Sunday, July 11, 2010
Deuteronomy 30:10-14 Colossians 1:15-20 Luke 10:25-37
We have a mindset today that keeping or breaking a law doesn’t really make any difference as long as we don’t get caught. Avoiding punishment is the name of the game and choosing to break laws is about getting what we want–whether it involves shoplifting, running a red light or cheating on our income tax. All too many of us live lives that revolve around personal gain–looking after “number one.”
At first glance the Gospel this Sunday is about keeping the two great commandments. By answering the lawyer’s question with a parable, Jesus shows us a broader issue-that of giving up personal gain for the good of another.
In the Gospel the lawyer approaches Jesus to “test” him with the question about eternal life. The issue here isn’t whether we have life or not–Jesus wishes us to have life–but on how we gain that life. The lawyer knows that the two great commandments of love of God and love of neighbor sum up the whole law and prophets. One only needs to live that love. The lawyer focuses on himself and refuses to see the broader issue.
Jesus doesn’t directly answer the question about “who is my neighbor” because he knows the scholar has the law written within him (see first reading: “For this command I enjoin…already in your mouths and in your hearts; you have only to carry it out.”) Instead Jesus responds to the lawyer’s question with a parable that illustrates how keeping the law isn’t a matter of focusing on details and right and wrong or personal gain but is a matter of right relationship with one’s neighbors as exhibited by acting with compassion and mercy. The lawyer’s first question about inheriting eternal life has to do with his own gain. The episode and parable unfold not in terms of personal gain but in terms of compassion and mercy toward others.

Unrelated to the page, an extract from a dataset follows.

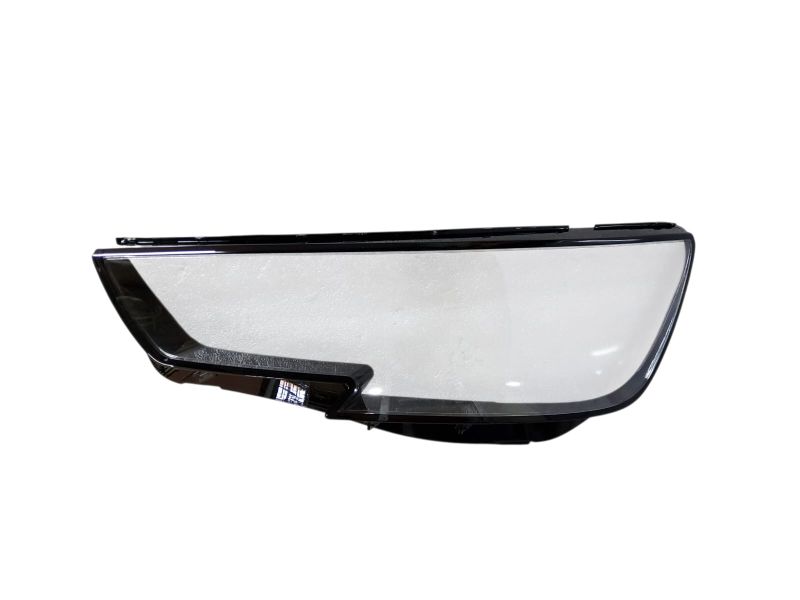 Audi A4 B9 2017-2019 Headlight Lens Cover ( Left hand Side )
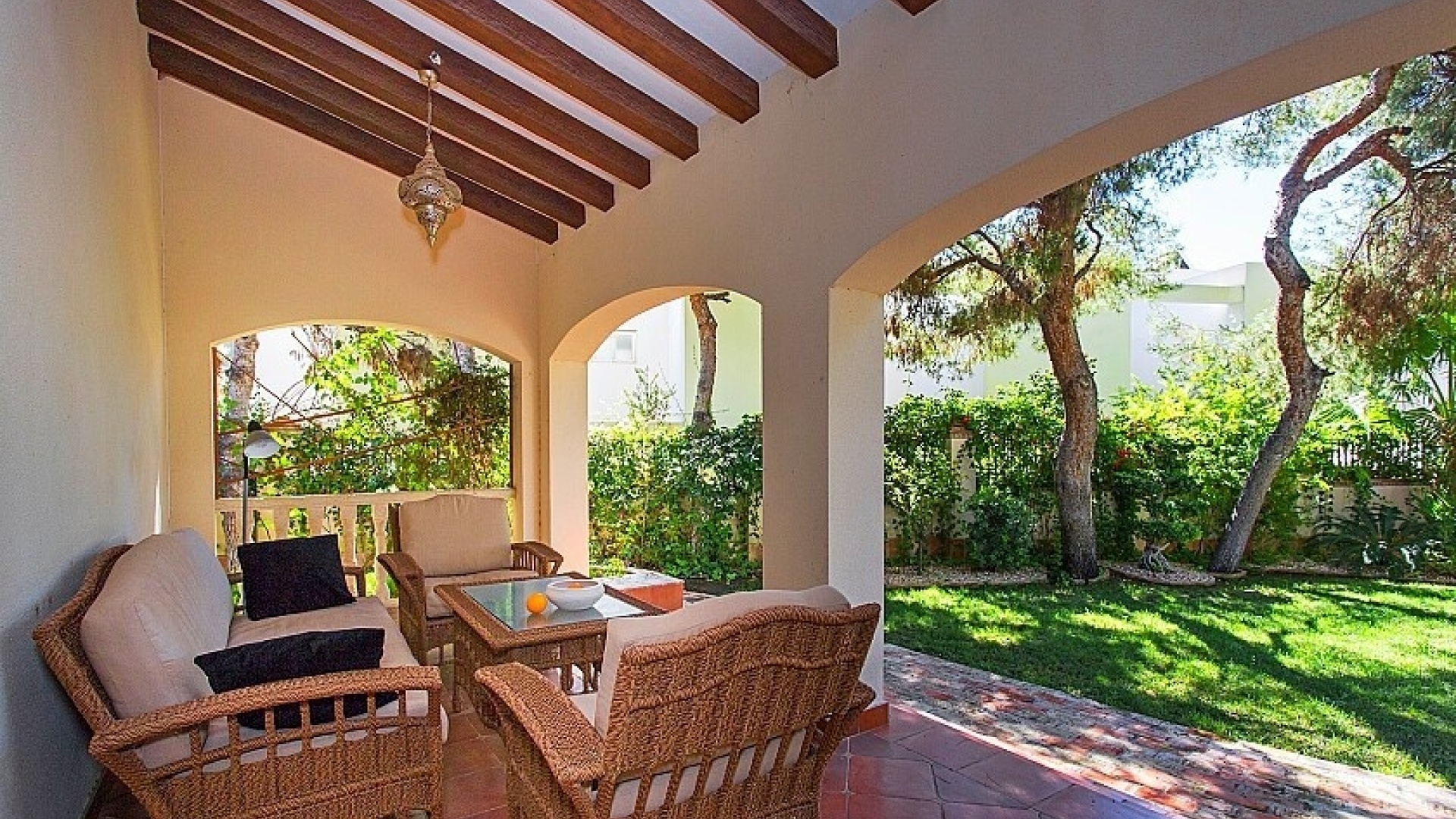 Wiederverkauf - Villa - Orihuela - Punta Prima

Ironically, the way we inherit eternal life is by dying to self for the sake of another. The Samaritan in the parable isn’t moved to help the stricken traveler because of the external law but because he was a person of compassion and mercy. This is the law written within our hearts–not details about keeping specific laws but a general regard for the other that arises out of genuine care for the other. Moreover, this way of keeping the law is yet another manifestation of God’s reign being realized. It is an in breaking of a new order, a new way of relating to each other; personal gain is set aside in favor of the good of another.
- What do you understand treating another “with mercy” to mean?
- The Samaritan was “moved” not by the Law but by compassion. In your work at St. Mary’s, by what are you moved?
- What is the difference in your service to others when you embody compassion?